◆ What is required: Please give back, exactly as written, the lines from the line with "2015 Sun Tracker fishin' barge 20 dlx" to the line with "2011 Case IH 2303 Windrower" in the listing below, leaving out all pictures.

◆ Records shown:
==*==

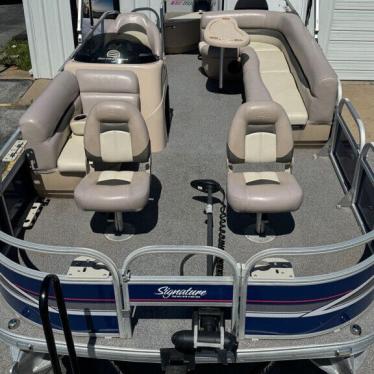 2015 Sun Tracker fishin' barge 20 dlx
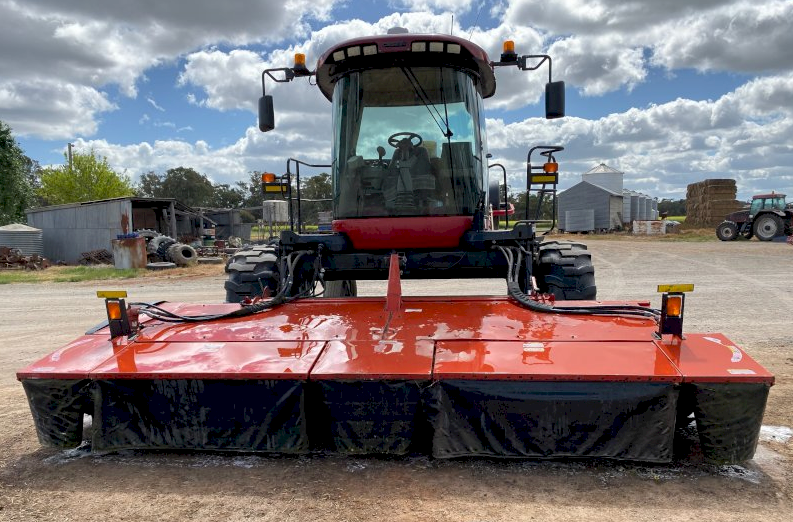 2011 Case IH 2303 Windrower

==*==

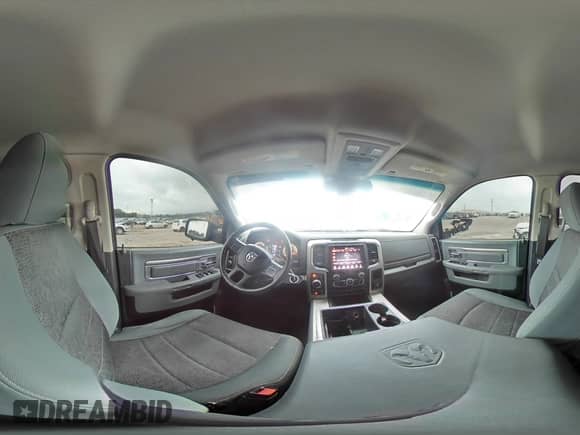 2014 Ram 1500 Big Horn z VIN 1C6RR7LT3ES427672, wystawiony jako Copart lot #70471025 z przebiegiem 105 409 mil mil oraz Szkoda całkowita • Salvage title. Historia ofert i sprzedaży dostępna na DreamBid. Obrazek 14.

==*==

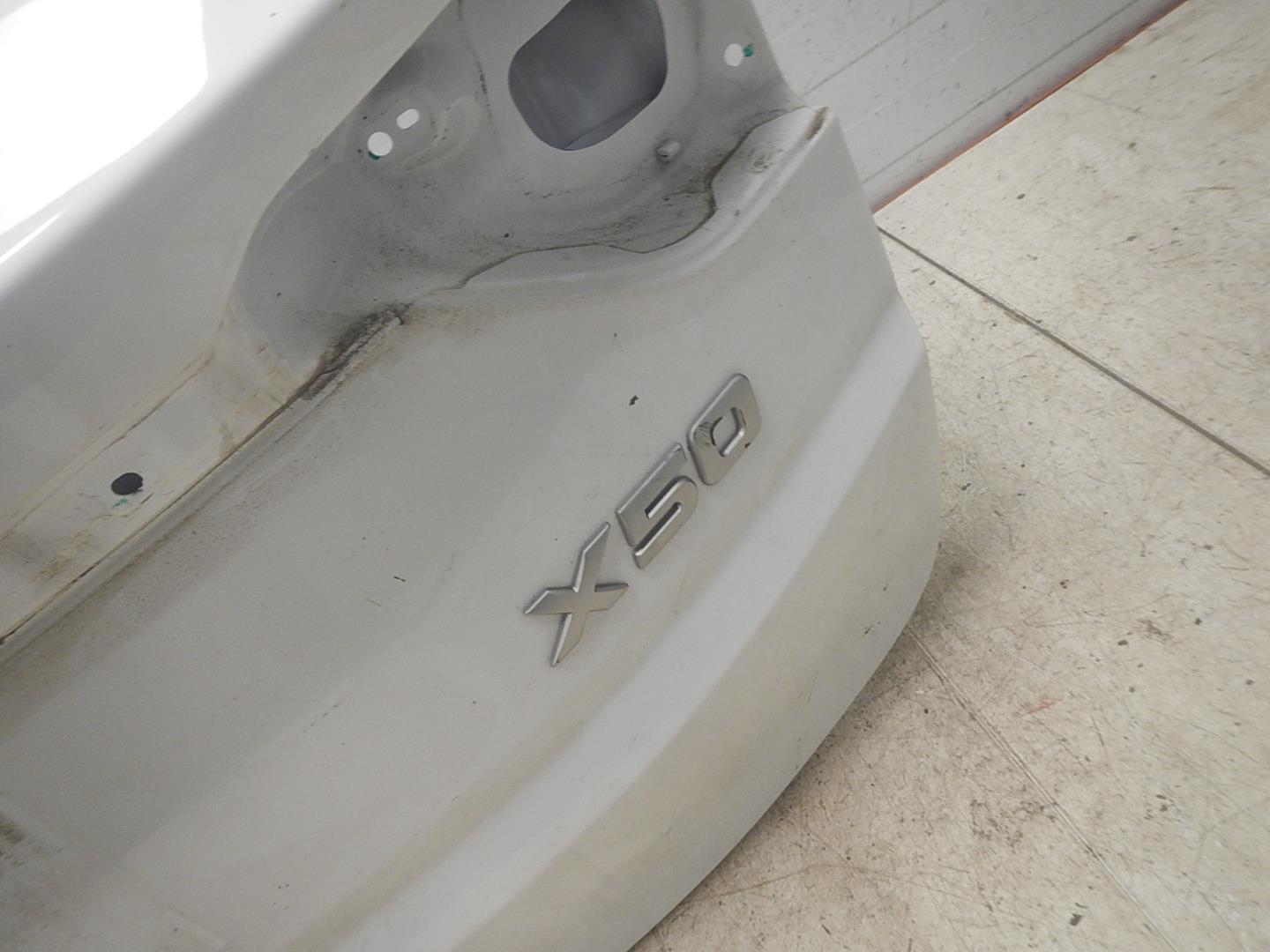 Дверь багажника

==*==

◆ Solution for this problem:
 2015 Sun Tracker fishin' barge 20 dlx
 2011 Case IH 2303 Windrower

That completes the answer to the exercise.